When you buy a beautiful home, the lender will make a professional survey a condition of the mortgage. You know that you are buying a sound property, but many years later problems might start to develop. The chances are that they will be nothing serious but it is wise to keep an eye open signs of subsidence.
It often occurs over a long period, so the clues might not be immediately obvious. You can spot the telltale signs though if you know what to look for when you examine the property annually.
Let’s first talk about what could make your home sink. The cause may be simple and easy to repair, or you may need to undergo major works to correct the problem.
If there is a leaky drain or water supply pipe, it might be washing soil away underground. Over many months or years it can remove or weaken support under the foundations and cause the house to sink in one area.
If there is a tree in proximity to the building, the roots could be causing damage. They extend for a distance equal to or greater than the height of the tree, according to the experts. In a prolonged dry spell, the tree will take water from the ground, and there is none to replace it. That causes the soil to lose strength, particularly if it contains a lot of clay.
Old mine tunnels sometimes collapse and have an affect on the surface ground levels. That is why the mortgage lender will insist on a mining search before they will advance the mortgage.

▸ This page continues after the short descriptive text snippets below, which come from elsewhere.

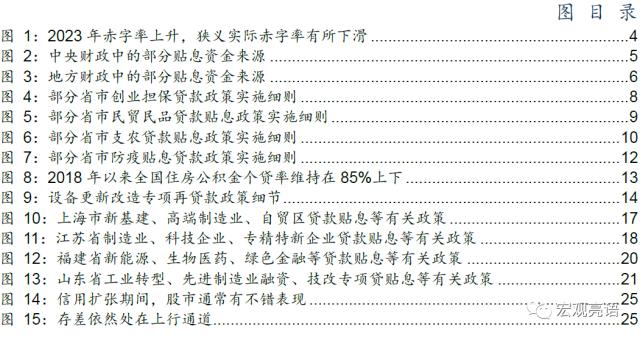 信用大扩张的逻辑 | 信达宏观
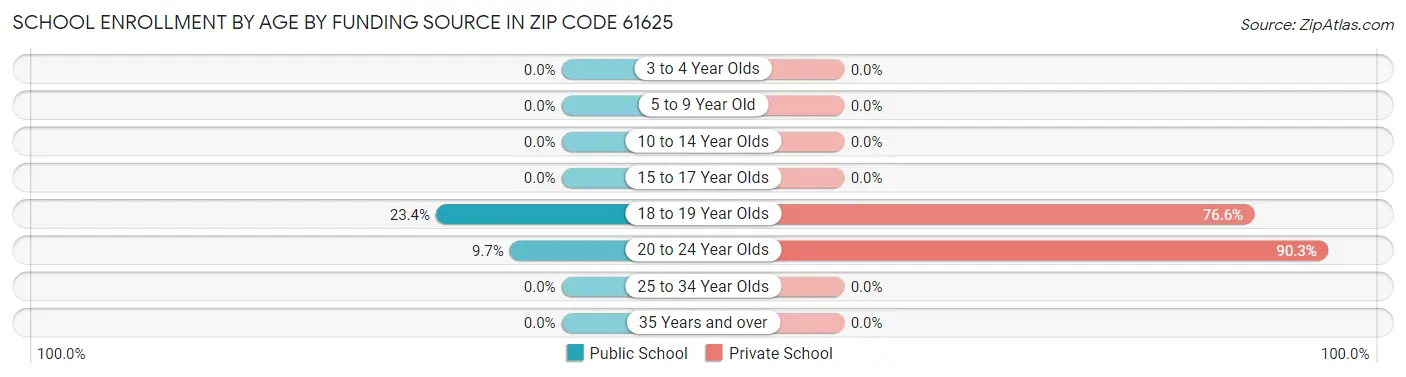 School Enrollment by Age by Funding Source in Zip Code 61625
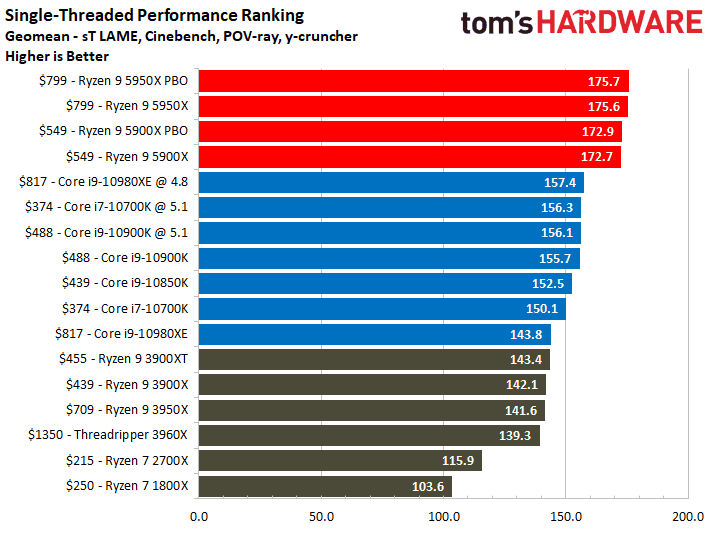 2020-11-Výkon-Ryzenů-5000-v-jednovláknových-aplikacích-Toms-Hard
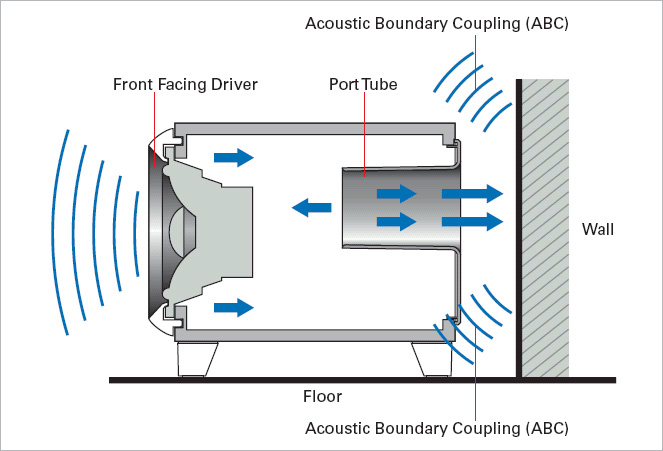 DIRECT-THROW Subwoofer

Here is how I suggest you perform the inspection of your property.
Use a plumb line to check that the walls are vertical. To do so, stand away from the property and hold the line at arms length. When it stops swinging, compare it to the walls of the house. If the walls are leaning, it should be easy to see. Don’t panic straight away; they might have been like that for years. If you suspect a problem, check again later and look for changes.
Look for cracks in the brickwork. Be suspicious if you see any that have broken the bricks. It is not unusual to see a crack that follows the mortar courses; click here for more information.
Is there a door that has started to jam for no apparent reason? Wooden doors swell up and shrink through the seasons, but uPVC units should not. Look around the frame to see if any gaps are starting to form or if the corner joints are cracking.
If the window frame is deforming because of the movement in the walls, it might break the glass. If a crack appears without explanation, consider subsidence as a possible culprit.
If you suspect the house is subsiding, you must act immediately. The longer you delay, the more damage it will cause to the property. Call in the experts to perform a survey and propose remedies to the problem. You must not consider foundation repairs as a DIY job because the integrity of the building relies on them and they must be completed to a professional standard.
I hope you are not too worried by subsidence; most properties never suffer from it, and those that do can undergo repair. Act swiftly and all will be well.